The only real way to write the perfect resume is to think like the hiring manager of the company you are targeting. Because your resume has to walk a fine line between showcasing you and your skills and experience, whilst at the same time proving that you understand the objectives and ethos of the company you are applying to. To do these two things in tandem requires skill and perception. And you have to try and put yourself in the mind of the hiring manager.
Of course, this is tricky business because, well, who knows what hiring managers are thinking? To shed some light on the topic, here is a walk-through of the process many hiring managers go through before offering you an interview – and, more importantly, how to stand out in each step.
When hiring managers sit down together to decide which candidate gets a job offer, the decision is not likely going to be made based upon any one candidate’s education, qualifications, work experience, or hard skills. Those elements are a given. Occasionally, one or more of those could play a part by breaking a tie between two great candidates, but that does not happen all that often. The simple fact that decisions typically do not centre around that criteria should clarify the truth – some people who are clearly less qualified than you are, do get the job offer. As an attempt to be the most impressive candidate, many job seekers search online for the most common interview questions and then spend time pulling up their best stories so they can give great answers that show they have the skills to do the job. But by the time you get past the interview (and especially when you get to the second interview and beyond), it’s not really about whether or not you meet the requirements set forth in the job posting anymore. It has already been determined that you are qualified enough. Pulling out your best stories is a good idea, but it skips over a key component – hiring managers do not just want to know what you did in previous jobs. They also are looking very closely at how you did it. Hiring managers are very interested in knowing who you are as a person – your work ethic, your attitude, your work style, your people skills, and whether or not you will fit in the work culture and be a big asset to it. But we are getting ahead of ourselves, how can you work out what the hiring manager wants to see in that initial application?

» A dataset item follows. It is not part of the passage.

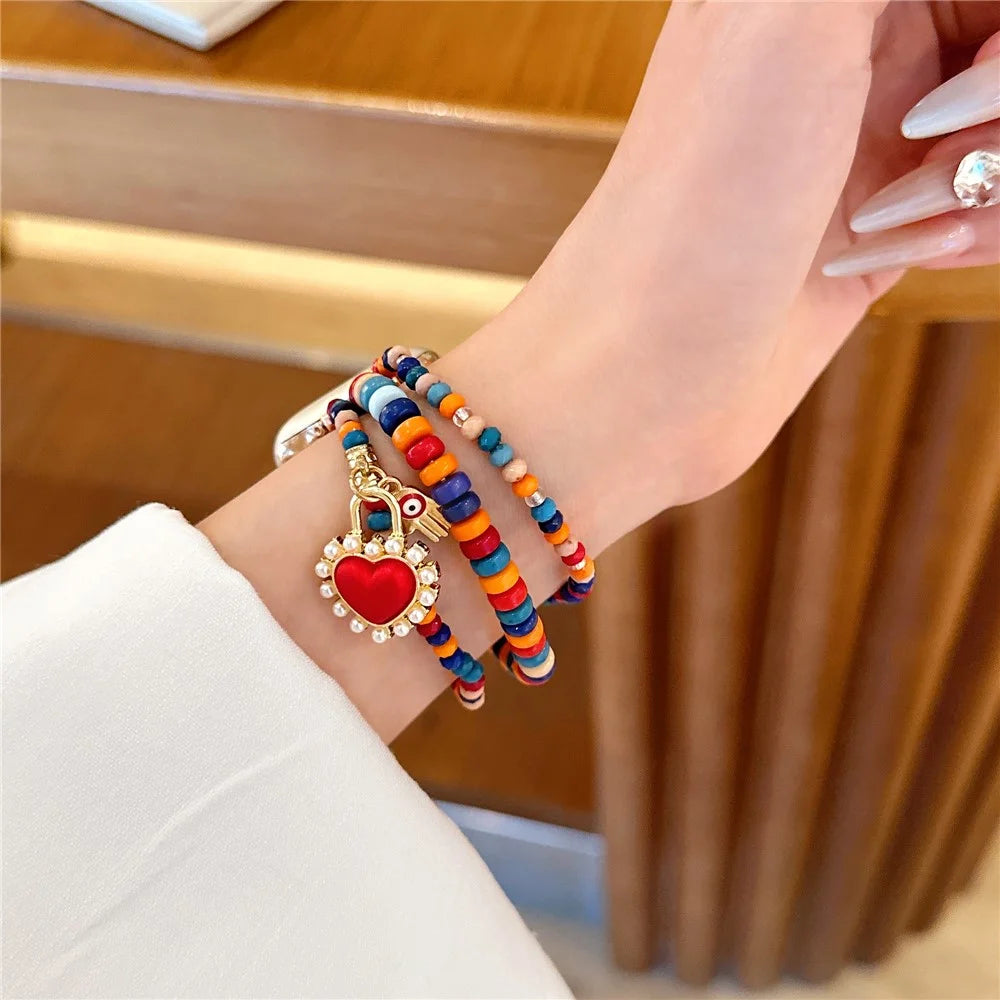 Watch Strap for Apple Watch Ultra 3 2 1 49mm / Series 11 10 46mm / 9 8 7 45mm / SE3 SE2 SE 6 5 4 44mm / 3 2 1 42mm 3-Row Beads Bracelet Wrist Band - Red - 4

Well, let us talk about the cover letter first, because cover letters are actually quite simple. Instead of restating your resume in sentence form, have your cover letter add value by highlighting two to three relevant skills that the hiring manager is looking for and giving an example of a time you used that skill. Better yet, figure out exactly how you can make the hiring manager’s life easier and write about that.

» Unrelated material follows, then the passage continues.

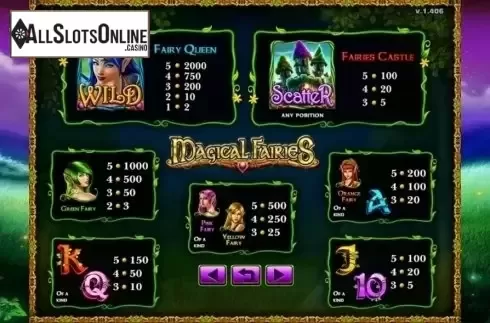 Paytable. Magical Fairies from GMW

So, what about the resume? What is the hiring manager really look out for here? A stated, although it assumed everyone applying would be qualified to do so, they will want to see your experience, qualifications and skills and how you have demonstrated their application in real-world scenarios that have verifiably positive outcomes. But they want to see this clearly articulated in succinct, clear prose that is presented within an aesthetically pleasing design. Anything less will result in rejection. However, there are other elements that must be addressed. These are somewhat harder to communicate.

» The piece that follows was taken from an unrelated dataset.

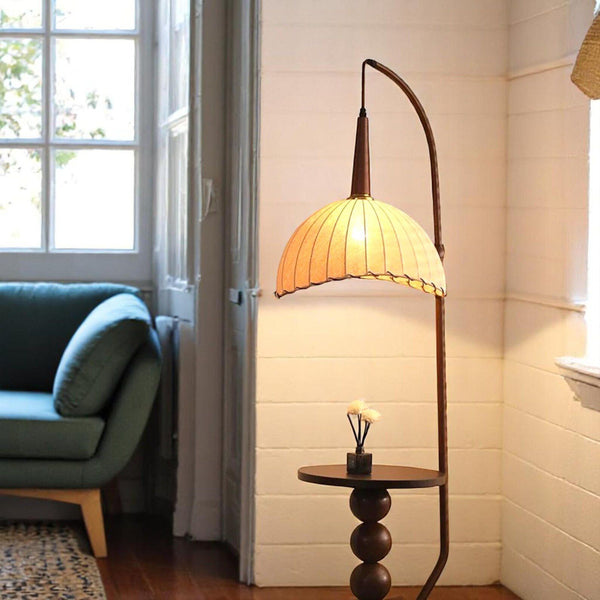 KUM Metallic Wooden Texture  Floor Lamp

In order to show the following qualities, you will need to revisit the basics of your resume and ‘re-engineer’ the text. Passion and enthusiasm must exude from the text. Not in an over-the-top, cloying manner naturally, but a spare and strategic use of positive adjectives such as ‘decisive’, ‘thorough’, ‘meticulous’, ‘structured’, etc. will enhance the text and demonstrate passion.
When the hiring manager has sifted through all the applications, how do you imagine they will be describing you compared to your competitors? That is a key question to ask yourself. Do you express your positive attitude, enthusiasm, excitement, and stellar work habits? Soft skills are critical, and it is not enough to say you have them. Most people state they are a positive person and are committed to getting the job done right. That counts for nothing unless you quantify it in writing. If you want to impress, hiring managers must be able to feel those words and see how you displayed those characteristics in the past. A couple of descriptive key achievements, from anywhere in your work history, and pertinent to the tole, will do this. Articulate in writing how you always put forth your best effort in everything you do by giving clear examples of excellence in past jobs. Show ways you went above and beyond and express what steps you took, and the positive outcomes that resulted from them.
When it is all said and done, hiring managers need to be wowed by you! If you want to stand out and get job offers, then show it in your cover letter and resume in ways that transcend the usual list of jobs and qualifications.